The second hallucination was Scully's. As she went up the hill, she kicked open one of the mushrooms. Everything from that point was her dream. Rather than walking away from the cave, we later learn that she must have entered it. The arrival of the coroner, their finding Mulder's footprints and body: all a product of her horrified mind. Her fears for Mulder were already present when she could not get him to answer the phone. Under the influence of the mushroom it all became real. (Was anyone else waiting for "Go Ask Alice"?) Whereas Mulder fantasized her agreement with him, her mind was overwhelmed with the doubts about her role as the scientific counterpoint. She knew that she did not have the truth and was horrified to think that others took her ideas--only half of the whole and meaningless without Mulder's other half--as final. She turned Muldery herself, angry and shouting and insisting that that they must pursue the unanswered questions until, at the wake her vision turned to yellow goo. I think this was the end of her hallucination and that we switched back to Mulder, or rather Mulder's hallucination with the real Scully present in it.

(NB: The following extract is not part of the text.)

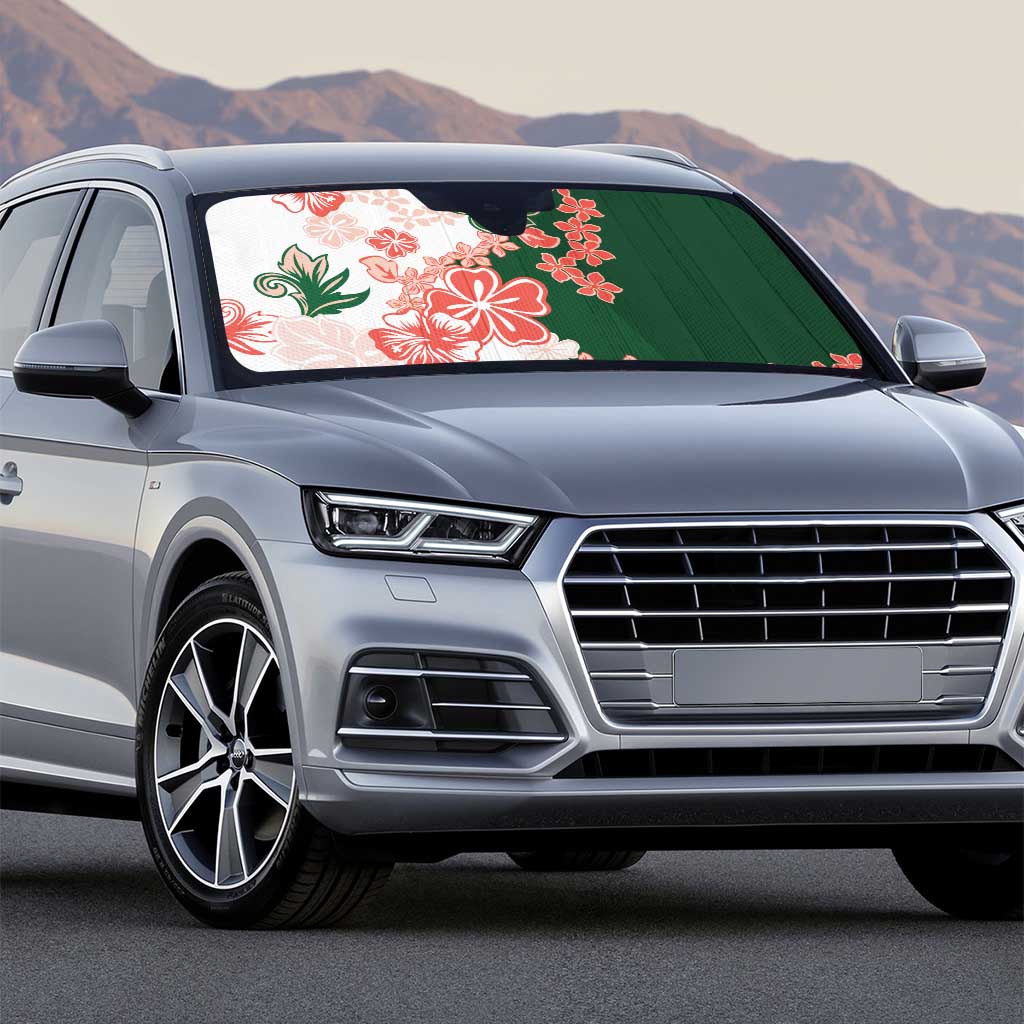 Green Orange Hibiscus Plumeria Floral Auto Sun Shade - Polynesian Pride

When he walked through the door, he turned to her and said her name in that same seductive voice he had used earlier. It seemed to me that this was Mulder's Mulder, feeling nothing but affection for his partner. Her reaction was stunned, but also panting. Not sure whether we should interpret that panting or not! In their conversation, he presented his thoughts and she demanded evidence that he did not have. She asked how they got there, feeding his doubts, then hers, and she stated that what they were experiencing was not real. She recounted her theory about the mushroom based on her experience. He then agreed, filled in the last line and Mulder (I think?) concluded that they were still in the cave. (Didn't he say "we" not "I"?) I would have thought that this was Scully's hallucination, except that she then dissolved. I think that meant that it was his, but that she had entered into it with information that he did not have.

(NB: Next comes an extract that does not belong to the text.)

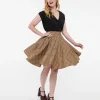 Smak Parlour 1960s Brown & Green Plaid Scene Flare Skirt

Next hallucination I think was hers with Mulder fully entered into it. When they were in Skinner's office, Mulder began to point out the inconsistencies (no burn marks, they can't break out of a hallucination just by consciousness of it, etc.) and then tested his theory that the scene wasn't real by shooting Skinner. Anyway from what he was saying I would have thought it was his hallucination, but then he dissolved at the end. This image of him shooting came from her subconscious, not his, from the time that he pointed his gun at Cassandra and other times that he had held people at gunpoint. Yeah, I know that she has done this, too, but I think that image of rash and possibly disastrous action enters into her view of him. Just as she entered his hallucination to argue the evidence, he now entered her hallucination to debate and take action.

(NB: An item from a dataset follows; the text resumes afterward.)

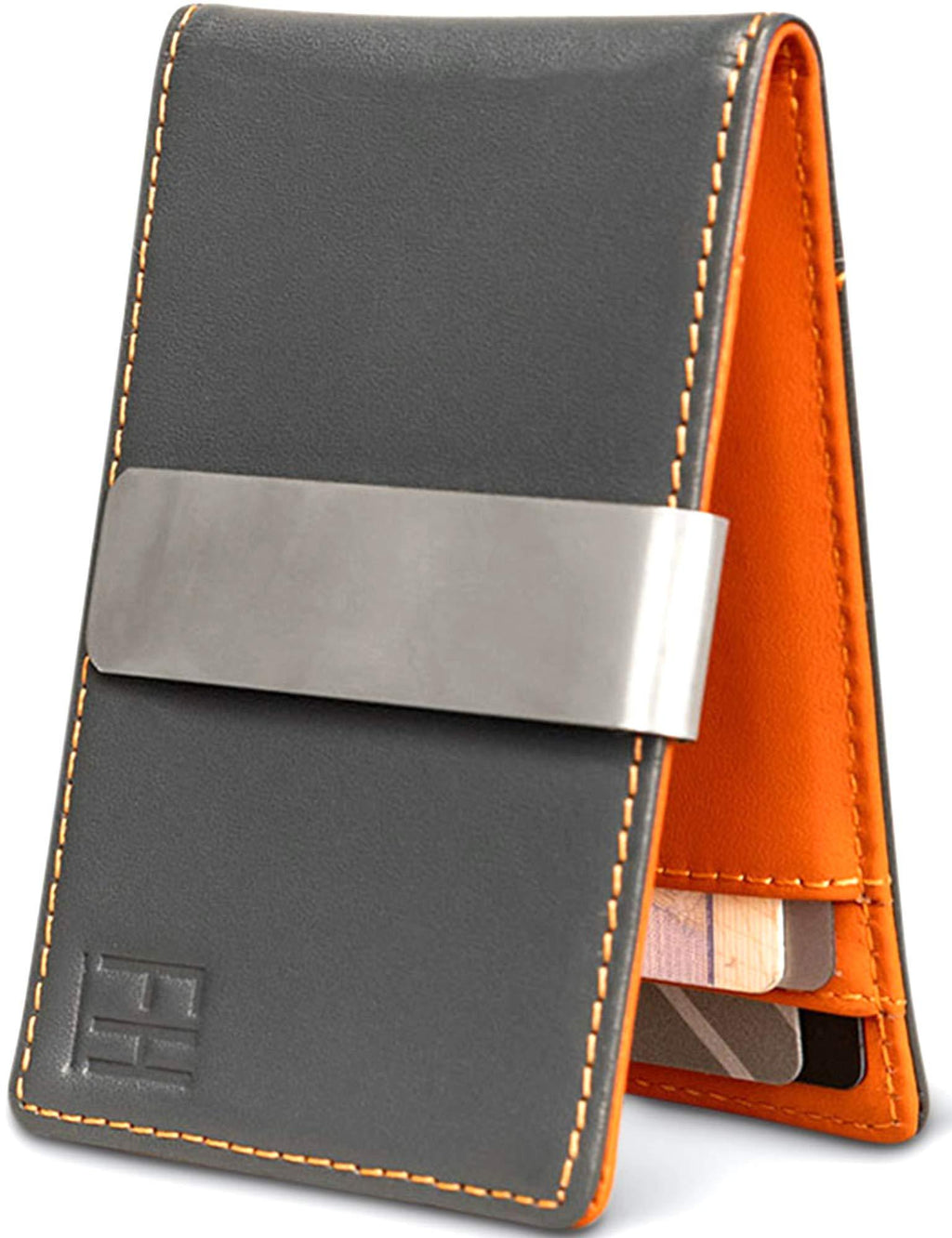 [Australia] - F&H Minimalist Slim Leather Wallet Money Clip Holds 8 Cards Charcoal / Rust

At the end, of course, there was the wonderful scene in the ambulance when he reached out for her and she, not even looking, reached back for him. Unlike Dreamland when they seem to have remembered almost nothing but a sweet feeling, here they have both learned and remembered something about their partnership: neither is right or wrong, but it is what each brings the other that gives them their power and meaning together.

Well, that's my take, but we are dealing with hallucinations, so there must be other interpretations out there. Oh, yes, and the Schiffs? The teaser had to be hallucination. They were trapped in the cave throughout, and lay down together to die there. The room was only the picture of the mind.